The lease, which became effective October 15, is a finalized version of a short-term agreement approved by the city council in March.

Community Hospital’s pending transformation into a fully operational acute-care facility could generate at least 250 new nursing, maintenance, administrative and other jobs, according to economic projections in Keisler’s presentation. Estimates for medical office and non-acute medical staffing were not available.

Fourth District Councilmember Daryl Supernaw has been championing the reopening of the Eastside medical facility, in particular its emergency room (ER), for some time. At the October 15 council meeting, he acknowledged the challenges of establishing such an agreement between MWN and the city. “I don’t know of any real estate transaction that occurs without an element of risk,” Supernaw said. “What I will say about the risk in this deal is that whatever it ends up being, it pales in comparison to the risk [to] our residents . . . not having an ER.”

During his presentation to the Long Beach City Council, Tom Modica, the acting city manager, said Community Hospital had a total of 27,205 emergency visits in 2016. Since the hospital’s closure in 2018, the Long Beach Fire Department’s average rescue transport times have increased by at least 10%, according to Modica’s presentation.

The public impacts of not having an Eastside hospital is something that hits close to home with 3rd District Councilmember Suzie Price.

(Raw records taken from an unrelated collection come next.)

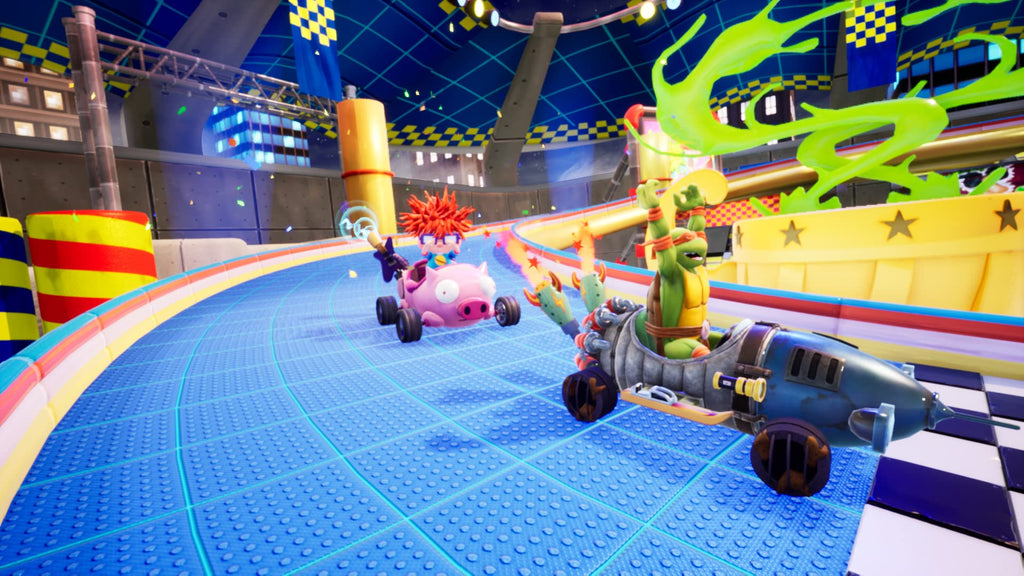 Nickelodeon Kart Racers 3: Slime Speedway per PS5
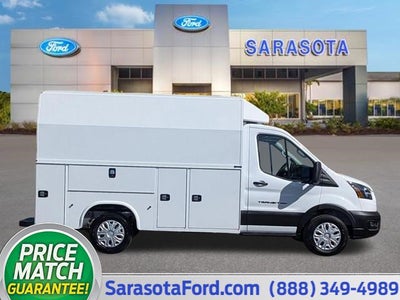 2026 Ford Transit-350 Base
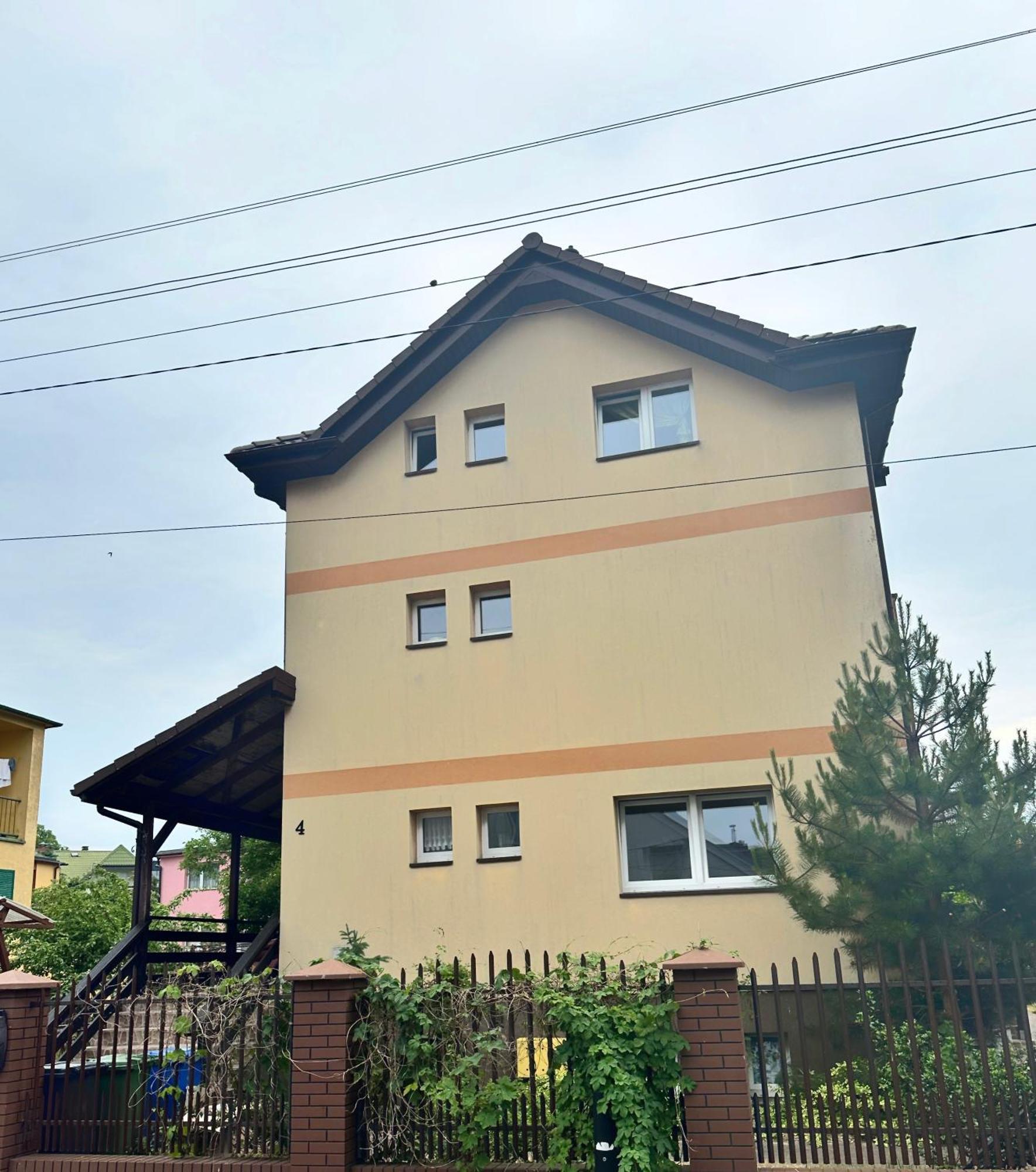 Pokoje Teligi 4 Pokoj 9 Świnoujście Exterior foto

The councilmember said her mother, who is battling metastasized breast cancer, recently needed emergency transportation to the closest medical facility. Without an accessible emergency room in Long Beach, the nearest facility was Los Alamitos Hospital, about six miles from her mother’s location. Price said a trip to Community Hospital would have been “at least half that distance.”

“Minutes matter,” she said. “That’s just my personal story. I’m sure there are hundreds of stories, if not thousands, just like that. The option is just not there for Eastside residents. . . . Personally, I’m grateful that we have a partner [in MWN] who has such a heart for the community that they’re willing to invest to make this 90-year offering for the City of Long Beach continue to exist.”

With an established lease agreement, MWN can take steps to begin hiring staff and purchase the necessary equipment that will be required for a pending California Department of Public Health inspection, which is scheduled for some time at the end of October, according to John Molina, a partner in MWN and founder of Pacific6 Enterprises. Completion of the inspection will result in the approval of a medical license for Community Hospital.

MWN will then take measures to submit a seismic compliance plan to the Office of Statewide Health Planning and Development (OSHPD) by June 2020 and complete related construction by January 1, 2025.

“I think this hospital is very aptly named – it is a community,” Molina said. “The success of this hospital, and I have no doubt that it will successful, is going to be due to the commitment of everyone in the community to band together to revitalize an asset that is here for everyone’s benefit.”